Perjanjian Gadai, Kreditur Beritikad Baik, Barang Hasil Kejahatan, Hak Jaminan, Hak Milik

Abstrak

Penelitian ini mengkaji keabsahan perjanjian gadai yang melibatkan benda bergerak yang berasal dari tindak pidana, sebagaimana tercermin dalam Putusan Pengadilan Negeri Medan Nomor 689/Pid.B/2022/PN Mdn mengenai emas hasil pencurian yang digadaikan di PT Pegadaian. Penelitian ini bertujuan untuk menganalisis keabsahan perjanjian gadai tersebut berdasarkan syarat objektif sahnya perjanjian, mengkaji pertimbangan hakim dalam menyelesaikan konflik antara hak milik dan kepentingan kreditur beritikad baik, serta menelaah implikasi hukum terhadap status barang jaminan dan tanggung jawab lembaga gadai. Penelitian ini menggunakan metode yuridis normatif dengan pendekatan perundang-undangan, pendekatan kasus, dan pendekatan konseptual. Hasil penelitian menunjukkan bahwa perjanjian gadai yang melibatkan benda yang diperoleh dari tindak pidana tidak memenuhi syarat objektif berupa causa yang halal sebagaimana diatur dalam Pasal 1337 Kitab Undang-Undang Hukum Perdata, sehingga perjanjian tersebut batal demi hukum.
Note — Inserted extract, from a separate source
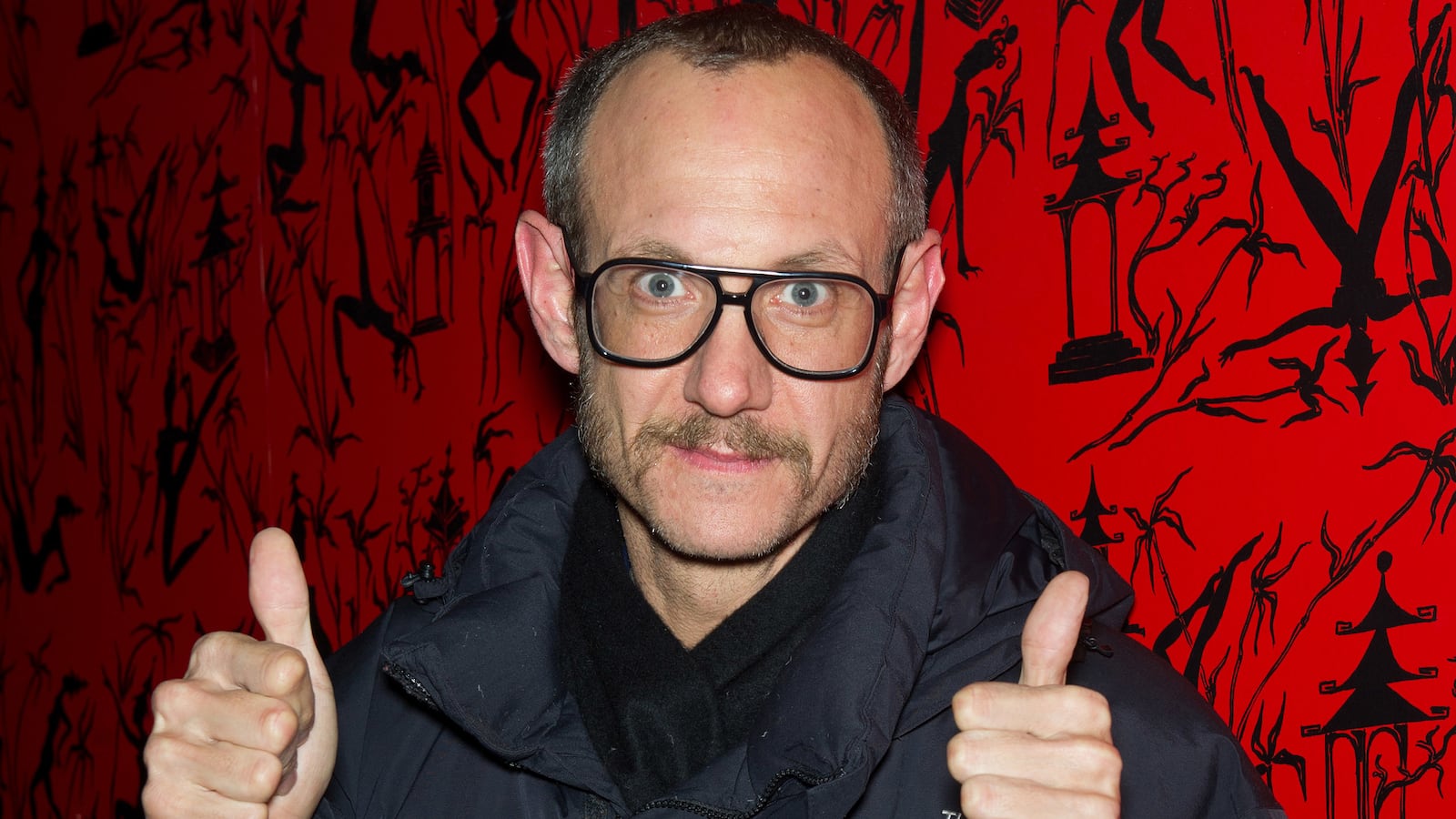 articles/2014/03/12/anonymous-model-goes-public-with-allegations-against-terry-richardson/140312-jjones-richardson_tstbf2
Akibatnya, tidak timbul hak jaminan yang sah bagi kreditur. Penelitian ini juga menemukan bahwa pihak yang menggadaikan barang tidak memiliki kewenangan hukum atas objek gadai, sehingga hak milik korban lebih diutamakan. Temuan ini memperkuat kepastian hukum dalam perlindungan hak milik dan hukum jaminan kebendaan.